“Un coeur capable de battre à travers l’univers entier”

Pauline de Cabarrus, La déchirure, 2010

Beauvoir raconte, dans Mémoires d’une d’une jeune fille rangée, qu’elle croisa un jour Simone Weil dans la cour de la Sorbonne : ” Une grande famine venait de dévaster la Chine, et l’on m’avait raconté qu’en apprenant cette nouvelle, elle avait sangloté : ces larmes forcèrent mon respect plus encore que ses dons philosophiques. J’enviais un cœur capable de battre à travers l’univers entier. “

Je doute que Simone de Beauvoir ait vraiment envié, à quelque moment que ce soit, Simone Weil. Mais je ne suis pas entièrement sûr qu’il n’y ait que de l’ironie dans son propos. Que ne ferions nous pas, en effet, si nous, les êtres humains, étions vraiment capables de maintenir intacte notre attention, notre compassion, notre colère, notre indignation en dépit des distances, du temps qui passe et de tout ce qui vient semer l’oubli et détourner notre regard ? Quelle ne serait pas notre force ?
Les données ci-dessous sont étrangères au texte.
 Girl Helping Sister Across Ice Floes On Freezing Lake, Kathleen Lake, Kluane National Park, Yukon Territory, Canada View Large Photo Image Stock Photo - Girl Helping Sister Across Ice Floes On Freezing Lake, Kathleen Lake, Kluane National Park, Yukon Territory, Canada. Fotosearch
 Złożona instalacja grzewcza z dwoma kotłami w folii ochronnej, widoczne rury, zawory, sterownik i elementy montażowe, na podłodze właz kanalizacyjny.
Mais d’un autre côté, pourrions-nous, sans cette inattention maladive, sans cette propension viscérale à passer à autre chose, à regarder ailleurs, à nous laisser distraire, pourrions nous supporter et même simplement survivre ?

Je me demande si l’oubli, l’inattention, le divertissement ne sont pas les ingrédients nécessaires à notre existence, à notre capacité d’éprouver de la joie et de surmonter ainsi la peine profonde, le désespoir, l’abattement que provoqueraient, sinon, l’état du monde, les injures et les crimes commis chaque jour contre tant d’êtres vivants, contre tant d’êtres humains, contre tant de beauté.
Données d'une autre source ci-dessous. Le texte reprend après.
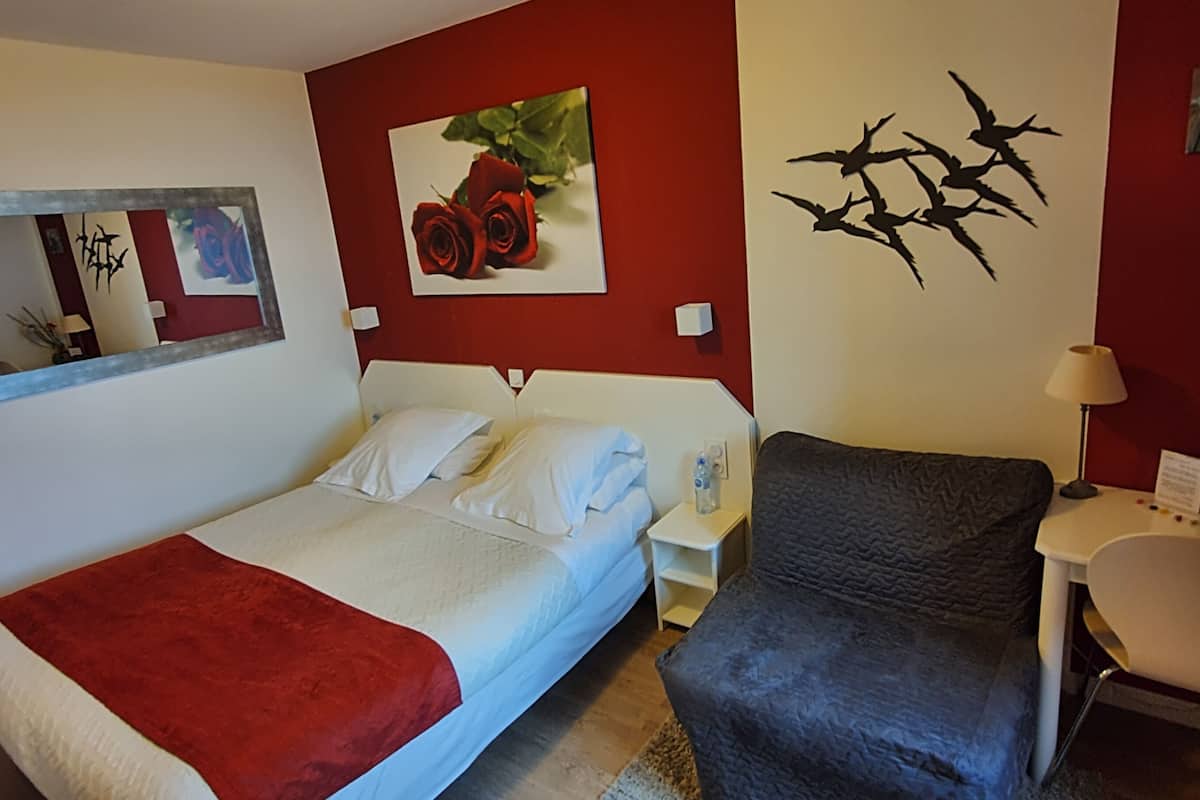 Una habitación de hotel con una cama, una silla, un escritorio, un espejo y obras de arte en las paredes.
Mais comment, dans cette inconscience salvatrice, garder l’esprit de rébellion et une chance de salut ?

Elle devait sentir cela, Simone de Beauvoir, quand elle croisait Simone Weil : qu’elle était certes un peu ridicule, un peu pénible, cette jeune femme, avec cette façon de prendre tout à cœur et de verser des larmes qui ne servaient à rien ; mais aussi que sans des êtres comme cela, sans des cœurs capables de battre à travers l’univers entier, le monde était perdu.

Elle devait ressentir ce tremblement des choses et ce déchirement.